==== Data for this task
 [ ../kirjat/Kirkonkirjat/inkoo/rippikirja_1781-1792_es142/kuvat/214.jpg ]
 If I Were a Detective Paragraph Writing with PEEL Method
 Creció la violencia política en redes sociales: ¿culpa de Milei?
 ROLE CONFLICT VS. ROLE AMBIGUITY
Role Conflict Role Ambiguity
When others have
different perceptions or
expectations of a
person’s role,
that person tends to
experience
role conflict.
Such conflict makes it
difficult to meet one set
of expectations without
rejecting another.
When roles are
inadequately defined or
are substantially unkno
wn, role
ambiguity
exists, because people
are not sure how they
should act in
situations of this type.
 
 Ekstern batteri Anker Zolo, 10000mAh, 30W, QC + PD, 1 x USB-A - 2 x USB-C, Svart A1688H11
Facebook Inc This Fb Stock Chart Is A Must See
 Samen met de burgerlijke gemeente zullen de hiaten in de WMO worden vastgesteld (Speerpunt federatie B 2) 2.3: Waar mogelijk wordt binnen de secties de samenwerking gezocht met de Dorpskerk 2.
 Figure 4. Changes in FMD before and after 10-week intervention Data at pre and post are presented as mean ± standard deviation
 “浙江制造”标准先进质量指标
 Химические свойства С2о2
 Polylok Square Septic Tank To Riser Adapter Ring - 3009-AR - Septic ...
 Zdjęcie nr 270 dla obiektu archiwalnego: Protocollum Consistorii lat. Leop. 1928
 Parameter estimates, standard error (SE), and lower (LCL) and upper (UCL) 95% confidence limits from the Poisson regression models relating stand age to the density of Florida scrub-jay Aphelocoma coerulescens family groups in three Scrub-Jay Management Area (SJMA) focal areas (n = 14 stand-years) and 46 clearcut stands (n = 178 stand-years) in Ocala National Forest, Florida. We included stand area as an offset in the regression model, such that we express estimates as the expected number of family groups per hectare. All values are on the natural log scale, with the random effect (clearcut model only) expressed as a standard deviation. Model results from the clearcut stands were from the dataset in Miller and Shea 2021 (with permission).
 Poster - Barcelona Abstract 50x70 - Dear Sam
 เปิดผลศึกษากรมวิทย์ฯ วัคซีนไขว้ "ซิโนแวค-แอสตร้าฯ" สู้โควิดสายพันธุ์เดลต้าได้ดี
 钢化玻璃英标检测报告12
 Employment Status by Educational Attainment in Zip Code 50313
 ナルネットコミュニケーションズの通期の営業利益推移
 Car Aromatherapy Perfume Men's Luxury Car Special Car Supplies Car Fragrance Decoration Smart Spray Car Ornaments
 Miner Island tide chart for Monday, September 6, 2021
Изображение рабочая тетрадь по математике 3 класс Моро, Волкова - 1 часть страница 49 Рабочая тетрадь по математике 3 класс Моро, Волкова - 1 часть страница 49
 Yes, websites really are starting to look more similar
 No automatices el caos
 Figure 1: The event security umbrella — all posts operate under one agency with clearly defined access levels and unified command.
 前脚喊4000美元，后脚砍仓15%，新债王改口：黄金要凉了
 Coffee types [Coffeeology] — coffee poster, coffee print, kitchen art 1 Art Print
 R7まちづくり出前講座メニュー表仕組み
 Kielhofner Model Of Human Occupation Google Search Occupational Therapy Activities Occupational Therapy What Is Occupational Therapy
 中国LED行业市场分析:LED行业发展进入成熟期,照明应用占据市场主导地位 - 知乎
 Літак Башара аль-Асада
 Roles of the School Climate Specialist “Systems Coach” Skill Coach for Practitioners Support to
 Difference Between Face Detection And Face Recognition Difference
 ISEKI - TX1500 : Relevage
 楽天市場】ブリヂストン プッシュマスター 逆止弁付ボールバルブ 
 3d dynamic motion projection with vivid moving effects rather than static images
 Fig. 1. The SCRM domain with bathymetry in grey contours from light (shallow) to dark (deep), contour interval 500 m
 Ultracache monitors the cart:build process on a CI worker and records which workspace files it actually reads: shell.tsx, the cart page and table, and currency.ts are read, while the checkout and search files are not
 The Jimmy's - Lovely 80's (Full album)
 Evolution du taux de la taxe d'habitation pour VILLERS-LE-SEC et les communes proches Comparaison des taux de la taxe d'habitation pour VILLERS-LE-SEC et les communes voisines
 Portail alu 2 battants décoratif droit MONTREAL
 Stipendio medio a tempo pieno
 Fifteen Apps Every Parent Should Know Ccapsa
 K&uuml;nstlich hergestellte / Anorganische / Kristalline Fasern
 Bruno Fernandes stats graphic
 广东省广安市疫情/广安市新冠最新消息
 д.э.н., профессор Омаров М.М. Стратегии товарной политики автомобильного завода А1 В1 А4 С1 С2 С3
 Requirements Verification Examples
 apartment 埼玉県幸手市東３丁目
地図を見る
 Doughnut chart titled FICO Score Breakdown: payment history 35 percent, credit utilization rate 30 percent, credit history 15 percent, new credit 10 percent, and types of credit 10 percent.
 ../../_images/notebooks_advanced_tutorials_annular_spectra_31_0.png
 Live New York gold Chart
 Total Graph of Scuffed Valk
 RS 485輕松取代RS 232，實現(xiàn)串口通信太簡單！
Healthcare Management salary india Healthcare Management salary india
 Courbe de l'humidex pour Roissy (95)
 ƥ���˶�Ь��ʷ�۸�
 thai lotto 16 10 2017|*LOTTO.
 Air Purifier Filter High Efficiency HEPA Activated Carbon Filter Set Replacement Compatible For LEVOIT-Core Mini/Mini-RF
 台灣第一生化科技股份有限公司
========
* [What the exercise asks]:
Please write out exactly the lines from the start of the data through the line that contains "situations of this type.", both ends included, and nothing else.

* [Task solution]:
 [ ../kirjat/Kirkonkirjat/inkoo/rippikirja_1781-1792_es142/kuvat/214.jpg ]
 If I Were a Detective Paragraph Writing with PEEL Method
 Creció la violencia política en redes sociales: ¿culpa de Milei?
 ROLE CONFLICT VS. ROLE AMBIGUITY
Role Conflict Role Ambiguity
When others have
different perceptions or
expectations of a
person’s role,
that person tends to
experience
role conflict.
Such conflict makes it
difficult to meet one set
of expectations without
rejecting another.
When roles are
inadequately defined or
are substantially unkno
wn, role
ambiguity
exists, because people
are not sure how they
should act in
situations of this type.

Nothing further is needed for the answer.